SNCF — Securing Networks with Firepower — Question 238

Users report that Cisco Duo 2FA fails when they attempt to connect to the VPN on a Cisco Secure Firewall Threat Defense (FTD) device. IT staff have VPN profiles that do not require multifactor authentication and they can connect to the VPN without any issues. When viewing the VPN troubleshooting log in Cisco Secure Firewall Management Center (FMC), the network administrator sees an error that the Cisco Duo AAA server has been marked as failed.

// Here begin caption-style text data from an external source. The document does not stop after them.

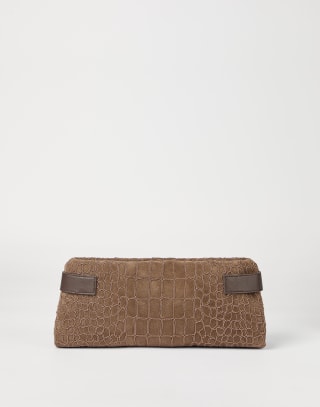 Essence pouch bag with croc embroidery Brown Woman - Brunello Cucinelli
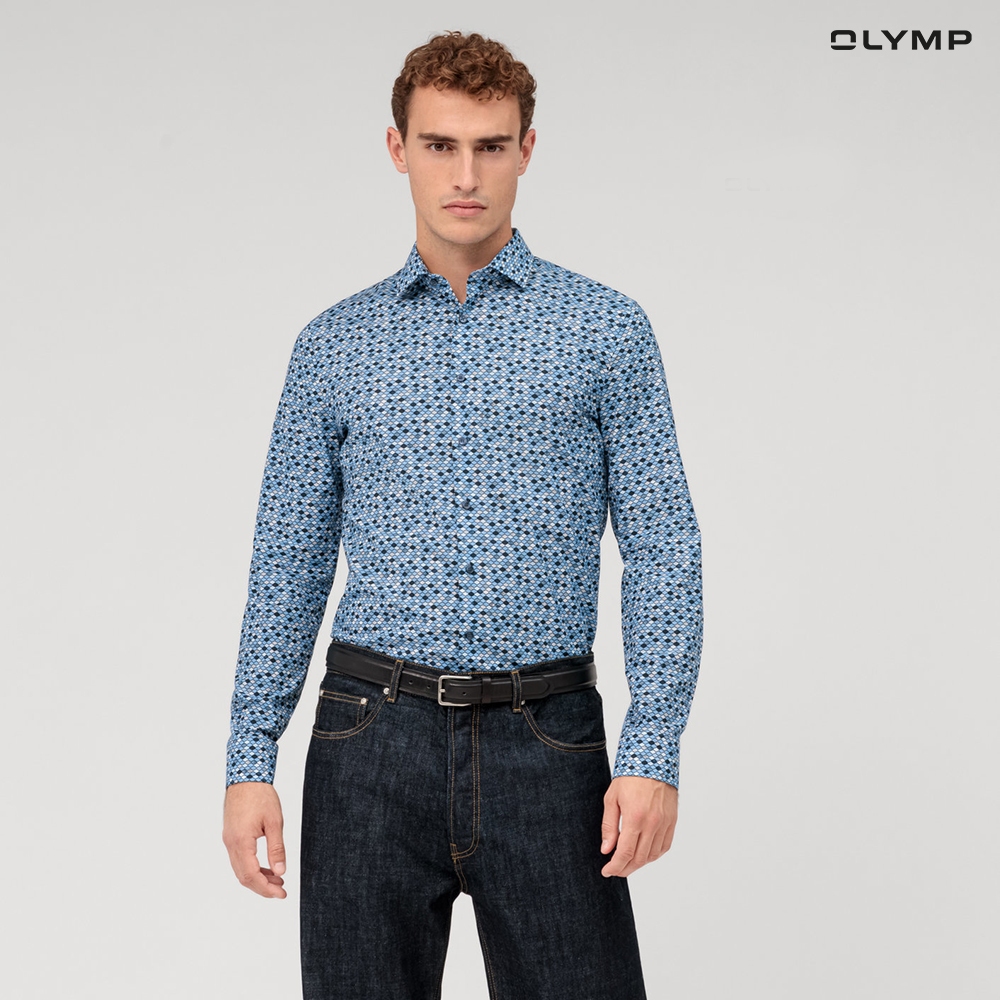 OLYMP  No. Six Shirt เสื้อเชิ้ต ผ้าเรียบพิมพ์ลายเรโทรสีฟ้าอ่อน มีความยืดหยุ่น   ทรงเข้ารูป ยืดหยุ่นได้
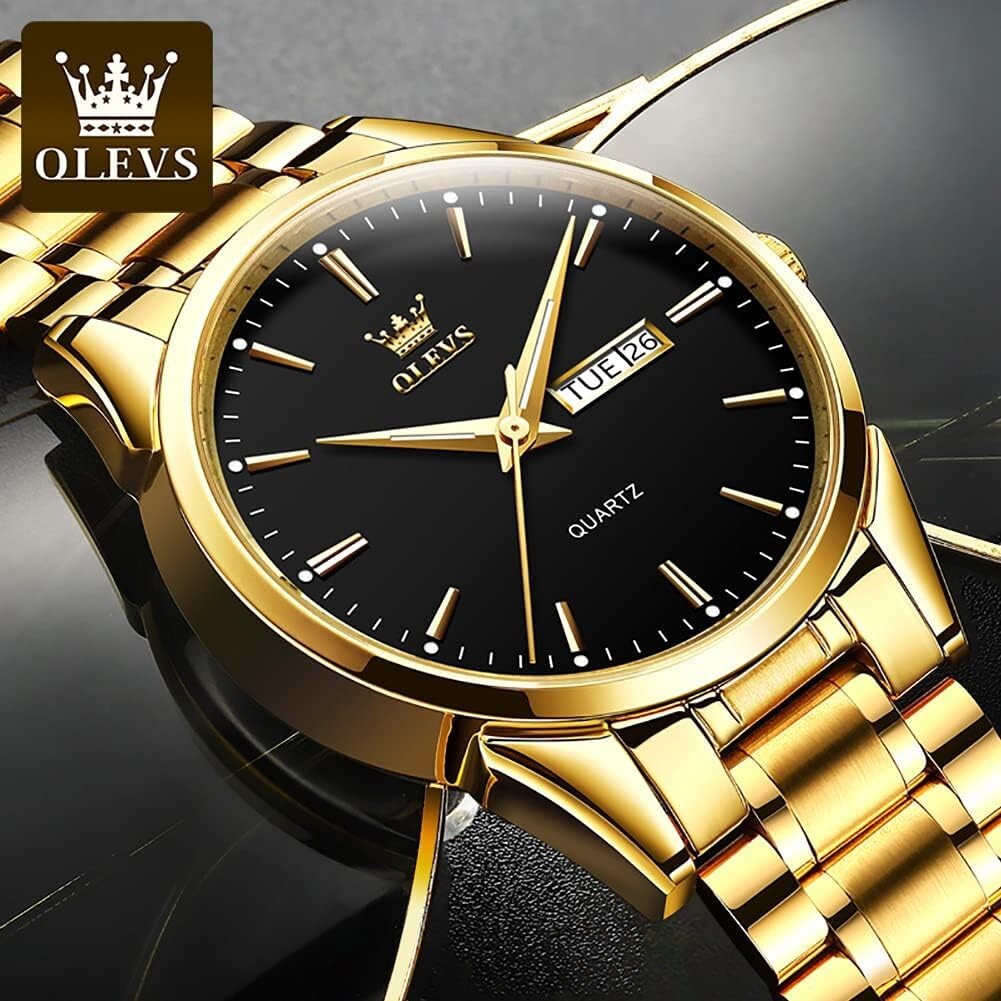 Elegant Luminous Men’s Watch with Day-Date Function & Scratch-Resistant Design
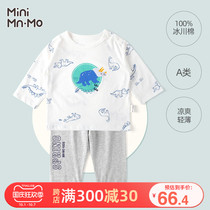 Love 21 summer New Baby Baby Baby thin glacier cotton round neck sleeve air conditioning suit two-piece suit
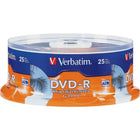 Verbatim 4.7GB DVD-R, 16x, White Printable, 25 Pack Spindle-Customize each disc with crisp text and full colour graphics along with reliable high-speed recording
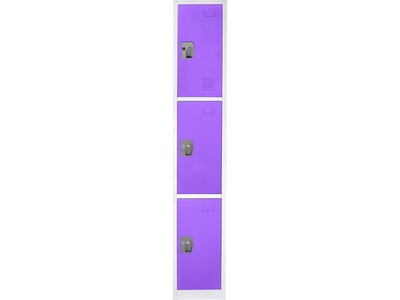 AdirOffice 72 3-Tier Key Lock Purple Steel Storage Locker (629-203-PUR)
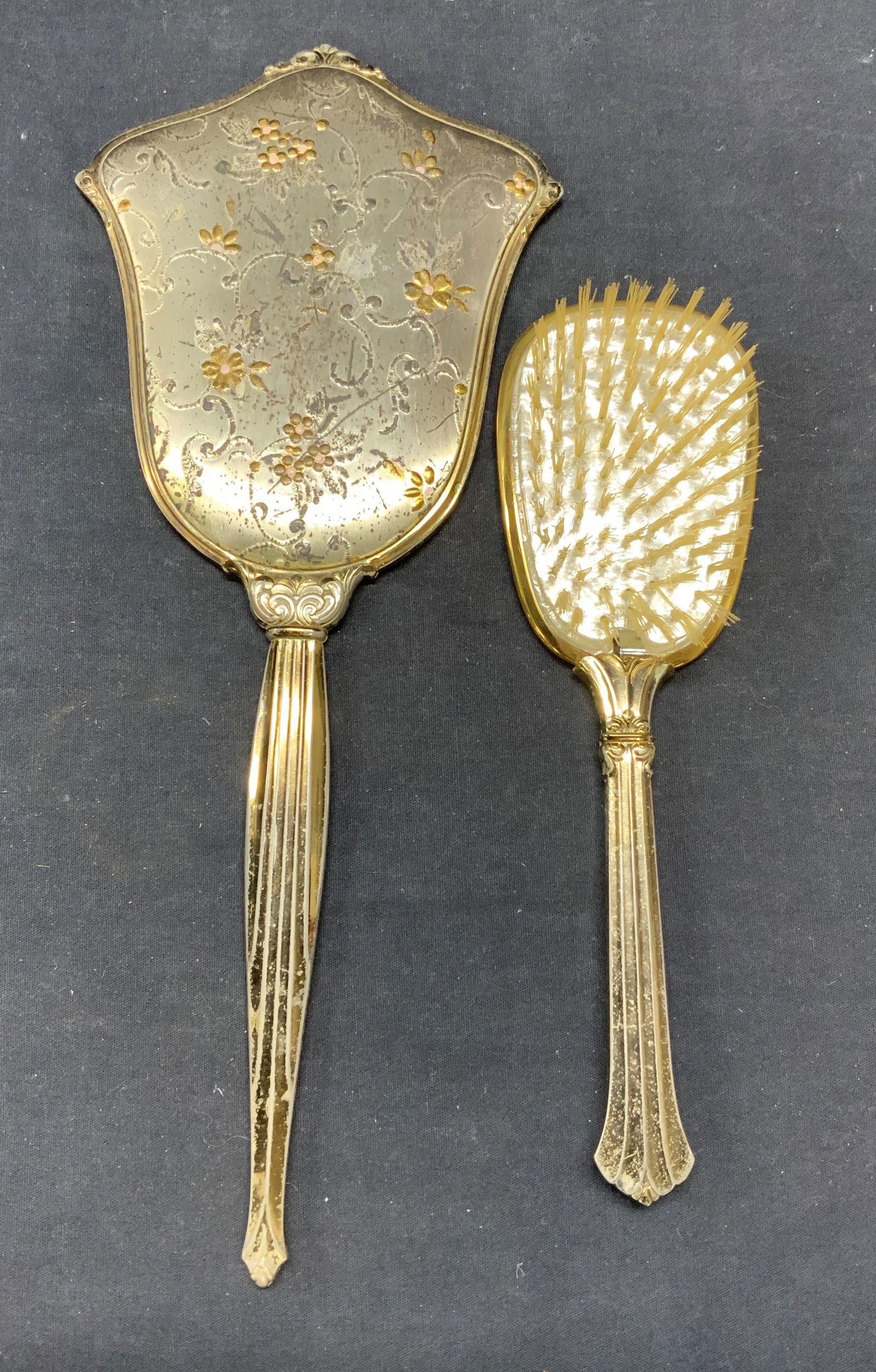 Lot 2 Floral Vanity Mirror & Brush Set (1 of 7)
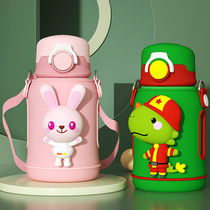 Childrens thermos cup with straw dual-purpose primary school boys portable water cup kettle kindergarten cartoon sippy cup
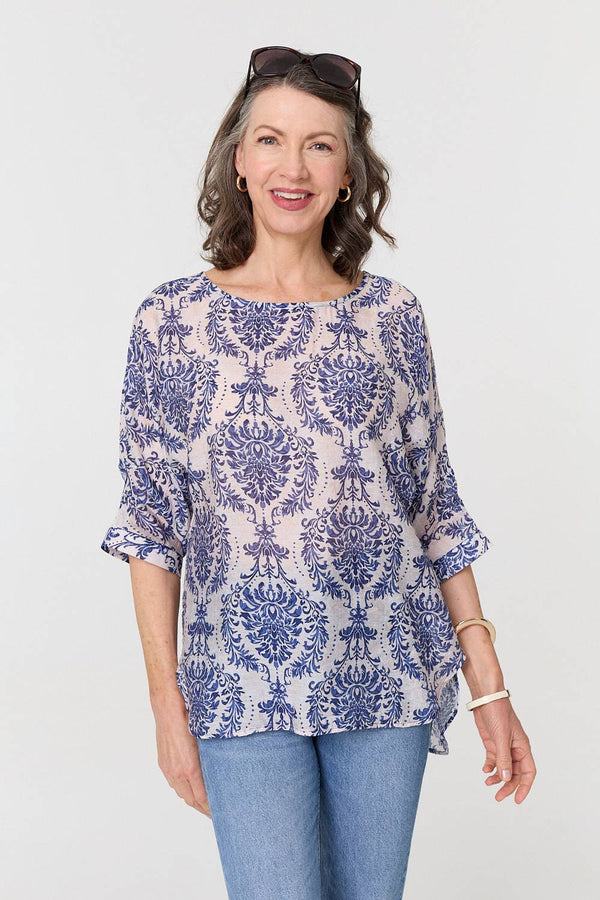 Baroque Print 3/4 Sleeve Relaxed Blouse
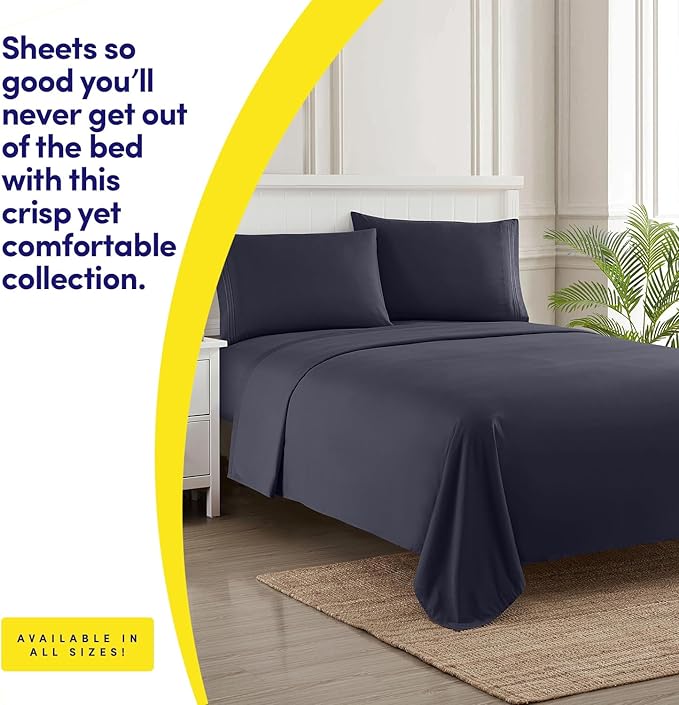 1500 Supreme Collection Extra Soft RV Short Queen Sheets Set, Navy Blue - Luxury Bed Sheets Set with Deep Pocket Wrinkle Free Hypoallergenic Bedding, Over 40 Colors, RV Short Queen Size, Navy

What is the root cause of the issue?

Answer options

• A. AD Trust certificates are missing from the Secure FTD device.
• B. Multifactor authentication is not supported on Secure FMC managed devices.
• C. The internal AD server is unreachable from the Secure FTD device.
• D. Duo trust certificates are missing from the Secure FTD device.

Correct answer: D

Explanation

The correct answer is D because the absence of Duo trust certificates on the Secure FTD device would prevent successful 2FA authentication through Cisco Duo. Option A is incorrect as AD Trust certificates specifically relate to Active Directory integration, which is not the issue here. Option B is incorrect since multifactor authentication can be supported on Secure FMC managed devices. Option C is not relevant as the problem is related to Duo trust certificates, not connectivity to the internal AD server.